Off-Balance Sheet Arrangements
In accordance with the definition under SEC rules, any of the following qualify as off-balance sheet arrangements:
• | Any obligation under certain guarantee contracts; | ||
• | A retained or contingent interest in assets transferred to an unconsolidated entity or similar entity or similar arrangement that serves as credit, liquidity or market risk support to that entity for such assets; | ||
• | Any obligation, including a contingent obligation, under certain derivative instruments; and | ||
• | Any obligation, including a contingent obligation, under a material variable interest held by the registrant in an unconsolidated entity that provides financing, liquidity, market risk or credit risk support to the registrant, or engages in leasing, hedging or research and development services with the registrant. |
During the quarter ended September 29, 2006, our Broadcast Communications segment entered into an agreement to sell products and services to a customer in connection with the customer’s prime contract to provide 19 transmission stations to a state agency. Pursuant to the terms of the prime contract, the customer was required to post a $20 million bond in favor of the agency to secure the customer’s obligations under the prime contract. In order to facilitate the issuance of the bond, we entered into an agreement with the customer and the bond surety to provide additional indemnity to the surety in the event the surety incurs any loss by reason of executing such bond. Our indemnity obligations are supported by, among other things, $2 million in irrevocable standby letters of credit obtained by the customer in our favor; a guarantee from the customer, as primary guarantor, in our favor of up to approximately $11 million; personal guarantees from certain principals of the customer, as secondary guarantors, in our favor of up to approximately $11 million in the aggregate; an additional fee payable by the customer to us of up to $300,000; certain additional undertakings by the customer to us with respect to the amount of our products and services to be sold by us to the customer in connection with the customer’s prime contract with the agency; an agreement by the customer to use best efforts to include us in any resolution procedure should default be declared or a claim be made to the bond; and an agreement with the customer, to the extent the customer is able, recommending we “step into” the customer’s place in the event the customer is not able to perform under the prime contract with the agency. The bond may remain outstanding until February 2010. We believe that the technical, project and financial risks associated with our agreement to provide additional indemnity to the surety is remote and should not have a material effect on our financial position, results of operations or cash flows.

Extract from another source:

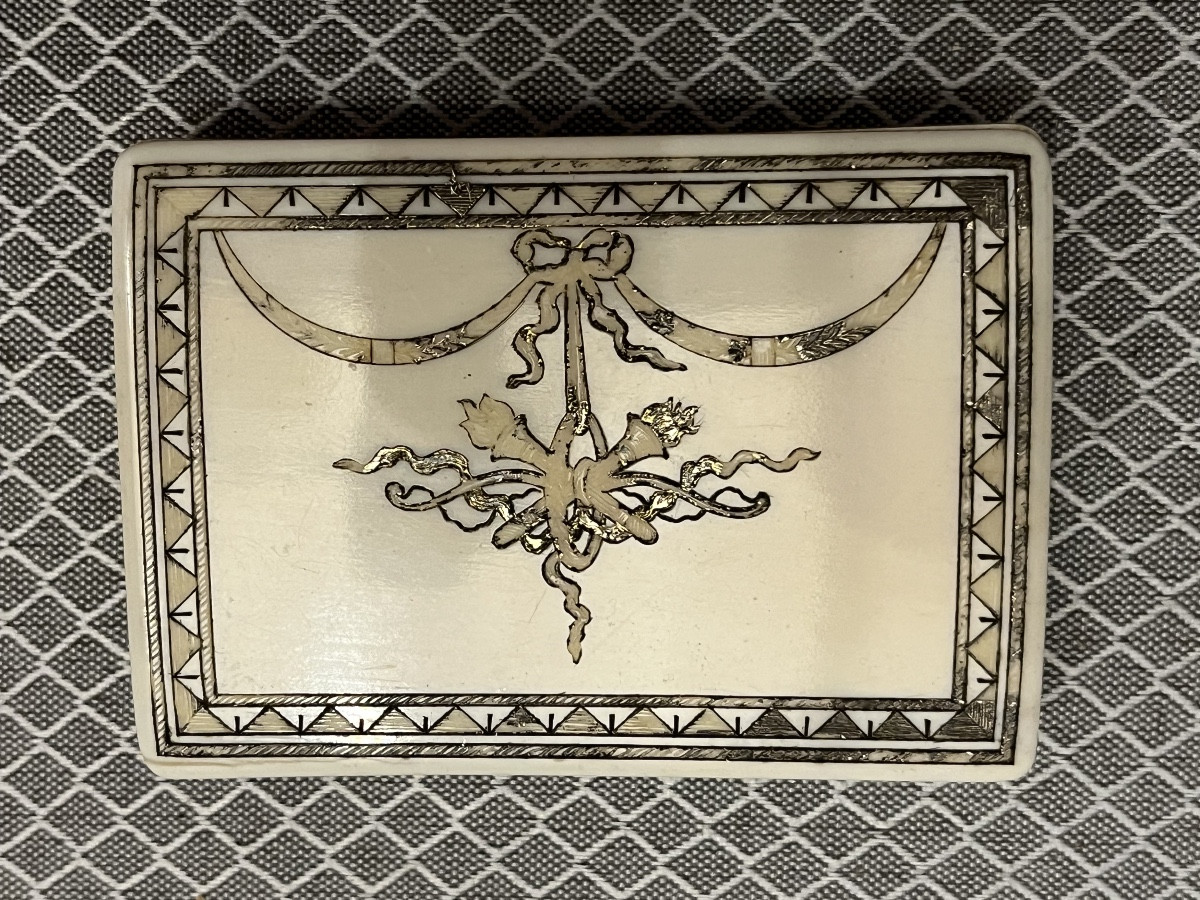 Small Box Made Of Precious Material, 18th Century Period, Engraved.-photo-2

Currently we are not participating in transactions that generate relationships with unconsolidated entities or financial partnerships, including variable interest entities, and we do not have any material retained or contingent interest in assets as defined above. As of September 28, 2007, we did not have material financial guarantees or other contractual commitments that are reasonably likely to adversely affect liquidity. In addition, we are not currently a party to any related party transactions that materially affect our financial position, results of operations or cash flows.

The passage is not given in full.